Tuesday, April 28, 2009

The Query Letter Conundrum

For those unfamiliar with the process, a query letter (now most often sent via email) is a short communication to an agent from a writer requesting representation. In the unusual circumstance that the writer is able to approach an editor directly, the first step is also a query. If things go well from there, subsequent submissions are a proposal and/or a "partial" (much more detailed than a query, plus a sample of writing), then a "full" (the entire manuscript).

Writers may refer to queries by other names, generally unprintable in a family venue. In other words, writing one is associated with a great deal of angst ("Did I get it right? Will they like it?"). There are two posts today that give very good examples and suggestions on writing queries. Whether you're struggling with writing a query or just curious about the workings of the publishing industry, I highly recommend to you the posts on Writer Unboxed by author Therese Walsh and CBA Rants and Ramblings by agent Rachelle Gardner.

Monday, April 27, 2009

Book Review: The Noticer

I’ve been taking advantage of Thomas Nelson’s offer to receive copies of some of their books in return for posting a review on my blog. The most recent book I’ve requested is The Noticer, by Andy Andrews, and I have to say that this one is different—and in a good way.

The Noticer is part fiction, part allegory, part self-help book. When I read the cover blurb by pro golfer Nancy Lopez that this was the “best book she’d ever read,” I was a bit skeptical. Then I started reading, and was soon convinced of the truth of that statement. The book follows the influence exerted by a mysterious stranger named Jones—“Just Jones, no Mister”—on the inhabitants of a mythical southern coastal town. Through encounters with a variety of people struggling with a myriad of problems, Jones gives a new perspective, one that offers hope and help to those of us who’ve faced those problems or some like them.

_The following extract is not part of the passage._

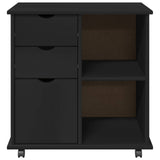 Rolling Cabinet Black 63.5 x 39 x 65.5 cm Solid Pine Wood 42028383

One thought, repeated several times in the book, particularly resonated with me. Here’s a paraphrase. “Crisis? Everyone on this planet is coming from a crisis, struggling through a crisis, or about to enter a crisis.” In other words, what you’re experiencing right now may seem to be the worst thing that could possibly happen to you, and you may think you’re the only one going through those trials, but that’s not true. It’s life. And it will get better.

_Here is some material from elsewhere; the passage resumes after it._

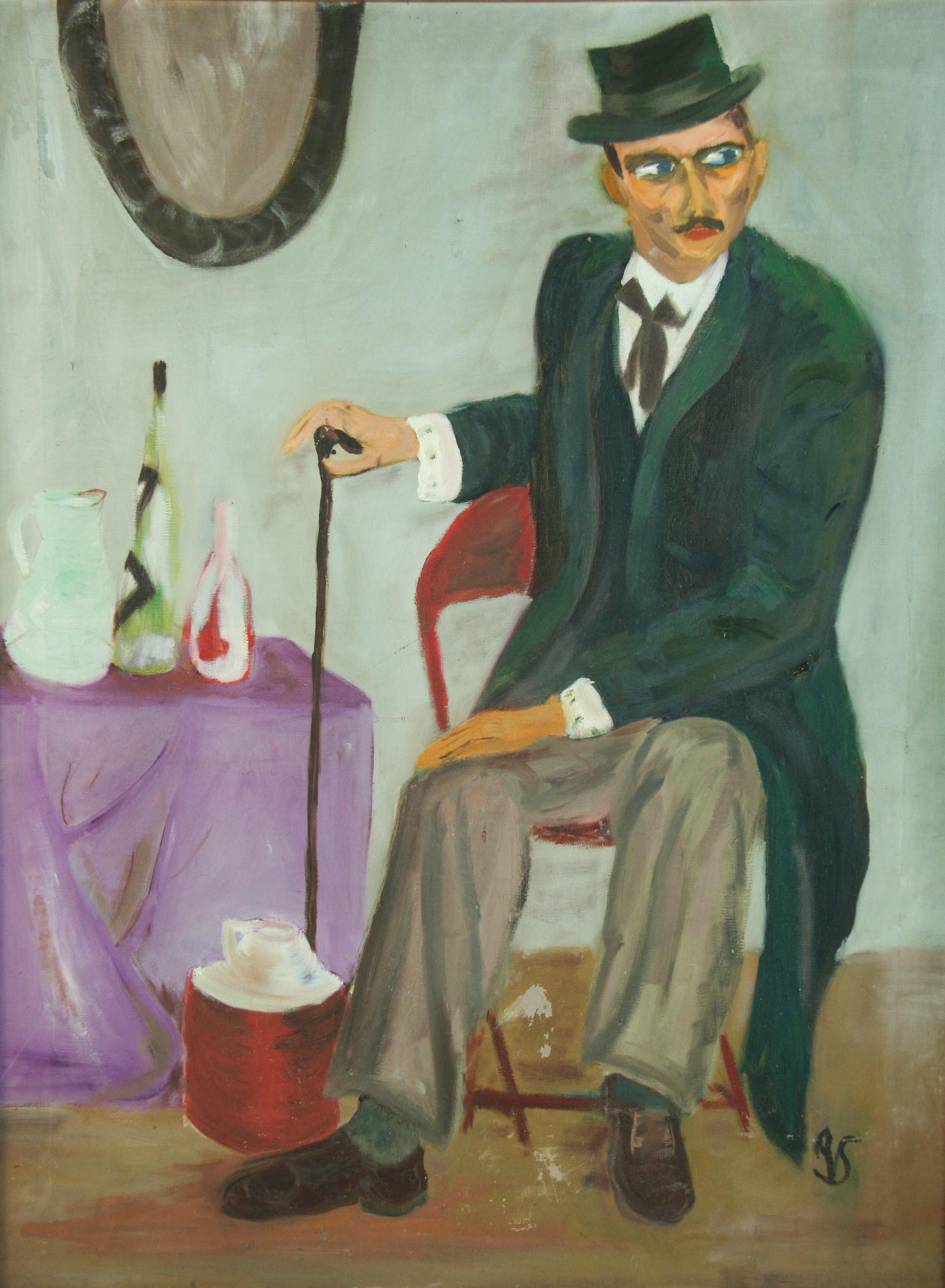 Antique French Oversized Interior Scene Oil Painting The Dapper Frenchman 1940's In Good Condition For Sale In Douglas Manor, NY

I intend to buy several copies of this book and give them to friends and family. As for my own copy, I’m about to go through it a second time with a yellow highlighter. Because, goodness knows, there are lots of times I’d benefit from a new perspective.

(Note: Thomas Nelson Co. is very fair about providing books for review. They ask for our honest opinion, not just favorable reviews. For this one, though, they stipulated that all reviews be posted today. Did you notice other reviews of The Noticer on other blogs today? Did it create a "buzz?" Was this more effective than a "blog tour?" Just curious.)

Friday, April 24, 2009

Presenting Miss Cassidy Ann (Cassie) Kirkham

Thanks for all your prayers and good wishes. Mother and daughter are doing well, proud father is still walking on air, and grandparents are exhausted but happy.

I promise, I'll get back to writing-related posts on Monday (I already have one ready), but for now--it's time to enjoy this new addition to our family.

Thursday, April 23, 2009

Guest Blogging Today

I'm guest blogging today at "CBA Rants and Ramblings," the blog of my super-agent, Rachelle Gardner of WordServe Literary. I hope you'll check out why I say that "no mile along the journey is wasted."

Back here soon with details about the new grandchild.

She's Here!

Cassidy Ann (Cassie) Kirkham arrived at 10 PM tonight, weighing in at 6# 13 oz. Ann is doing fine, although exhausted. Benny is walking on air. Cassie is hungry and wondering what all the fuss is about. Pictures later. Thanks to all of you for your prayers and good wishes.

Wednesday, April 22, 2009

On Maternity Leave

I'll be away from the computer today. Kay and I will be with daughter Ann and son-in-law Benny for their blessed event. Details to follow.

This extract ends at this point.